Open Stond0cyborg opened 8 months ago
The corresponding training data is available at https://github.com/tesseract-ocr/langdata_lstm/tree/main/deu_latf For the basic meaning of the files, see https://groups.google.com/g/tesseract-ocr/c/U9mysQuhRpU/m/7aNrZACXBQAJ for example.
Don't use deu_latf for Fraktur. Try https://zenodo.org/records/10125246 instead.
More models here: https://ub-backup.bib.uni-mannheim.de/~stweil/tesstrain/. My latest models for historic texts are called "german_print*".

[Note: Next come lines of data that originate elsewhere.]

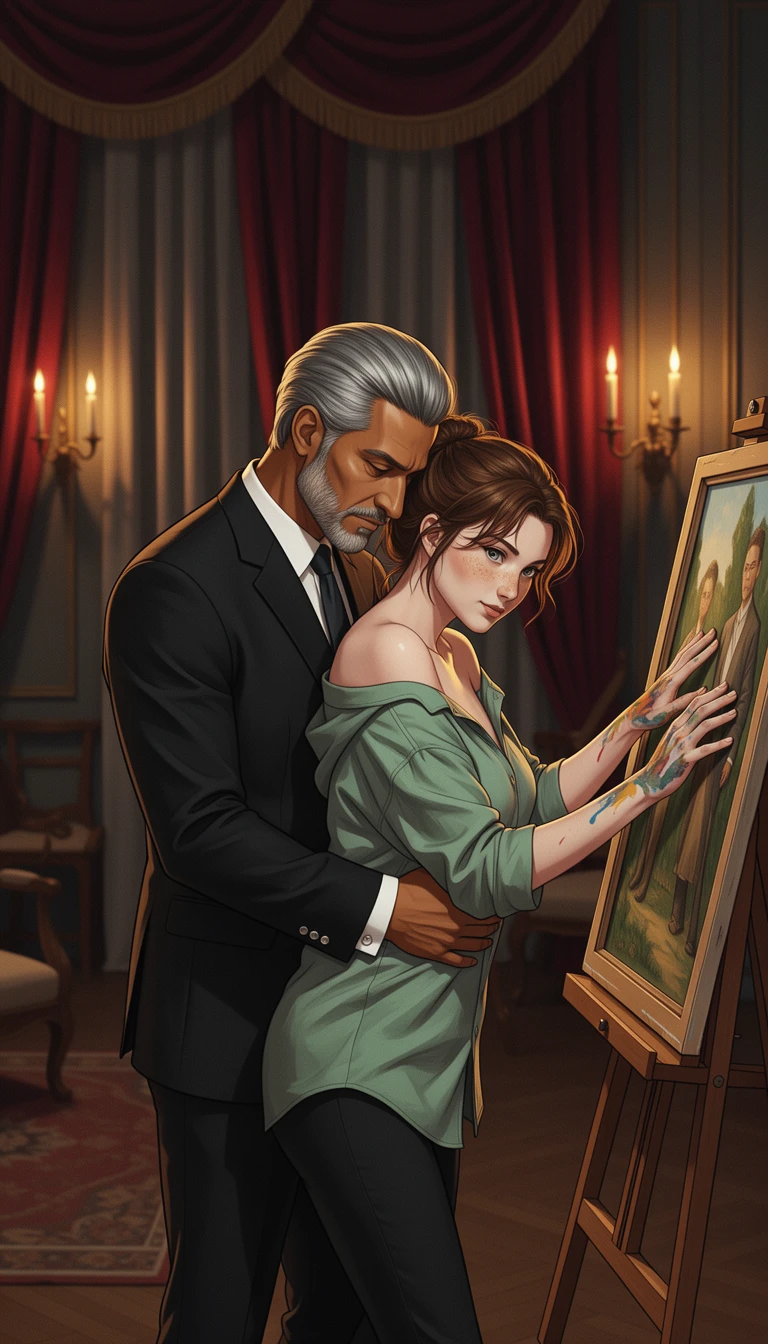 The Restoration cover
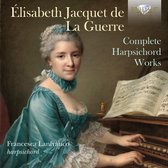 Jacquet De La Guerre: Complete Harpsichord Works (CD)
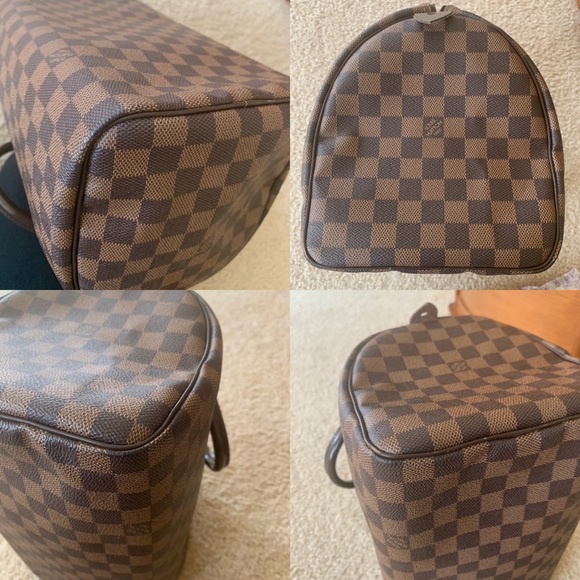 Louis Vuitton speedy 30 - Picture 8 of 8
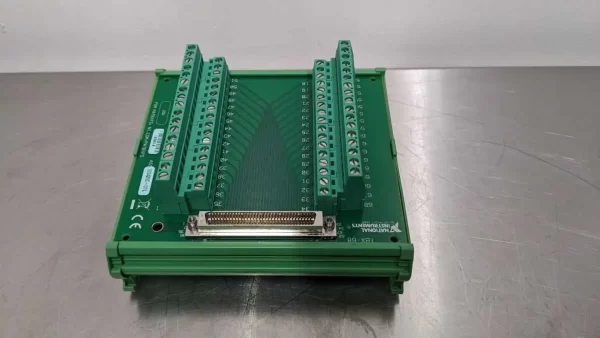 777141-01, National Instruments, TBX-68 Connector Block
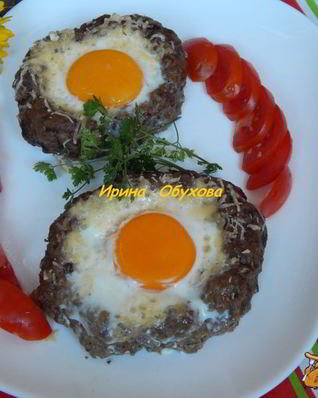 Шницели Аджарские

See also https://ocr-bw.bib.uni-mannheim.de/faq/ (German).
Dann bedanke ich mich recht herzlich, Herr Weil und wünsche weiterhin viel Erfolg mit ihrem Programm! ;)
I tried to recognize some old Fraktur texts with deu_latf, but there are many words that are not recognized correctly, so I extracted the word list from deu_latf. This file seems to use word recognition Example: A-{d}-{cd°s}%- A-{d}-{cd°a}% A-{d}-{c-% A-{d}s§gi I then extracted the readable version and realized that a lot more words (recognitions) could be added. I would also like to try to improve the problem with the recognition of "ich, schon ,noch" etc. to improve it. Because, with "bat ned) " (hat noch) "bod)" (doch) you can not do much.
Is there a README file for this file or another explanation to extend it?